British fmr. army major Robert Campbell was accused of drowning a suspected looter in Iraq, Saeed Radhi Shabram, in a river at gunpoint in Basra in 2003. However, he has been exonerated due to a lack of “reliable evidence”, following a 17-year-long investigation, UK judge Baroness Hallett concluded in a report published on Thursday.
“I have concluded that there is clear evidence of collusion and possibly a conspiracy on the part of some Iraqi civilians to pervert the course of justice and the collusion/conspiracy likely began on the day Shabram died,” Hallett wrote in her report. “The aim was to achieve justice for Shabram.”
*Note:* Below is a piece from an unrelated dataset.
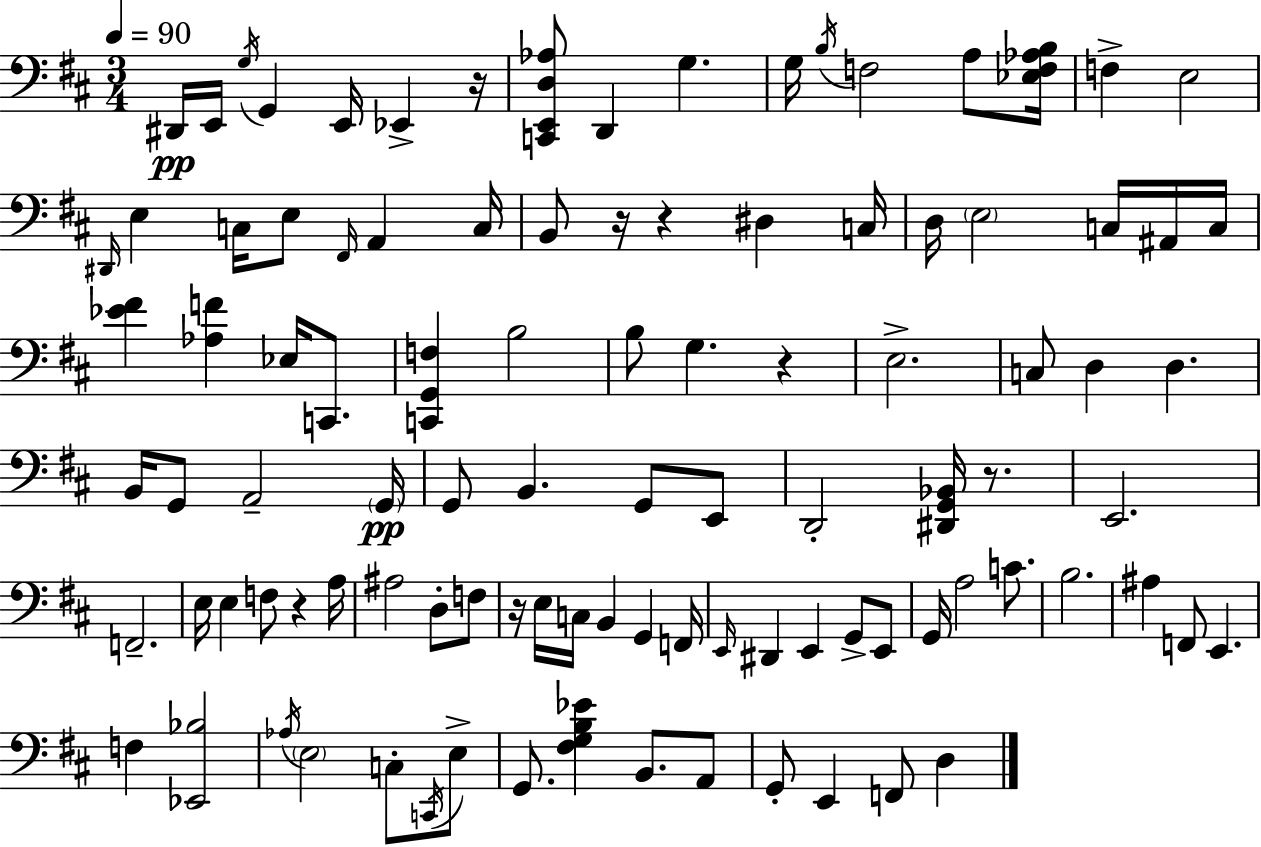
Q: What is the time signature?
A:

In 2003, the UK Royal Military Police launch an investigation into Campbell after he allegedly forced suspected looters Shabram and Munem Auda to sink into a waterway in Basra at gunpoint, resulting in Shabram's death; Auda survived the incident. Since 2003, seven probes of the case have cleared the British soldier of any wrongdoing, according to The Sun.
Baroness Hallett suggested that the two men likely “jumped or fell into the water” in a bid to avoid punishment and that Campbell had brought them to the location near the river in order to “secure the services of an interpreter, who was fishing”.
“It is most likely that they jumped or fell into the water in the process of trying to escape what they believed would be dire punishment for looting,” the judge said. “There is not therefore anything suspicious in his moving Auda and Shabram towards the water.”
In 2018, Major Robert Campbell was awarded a good conduct medal. It was reported that the former soldier returned the medal, along with other medals, to the Queen in protest of the treatment he received form the UK Ministry of Defence following the allegations.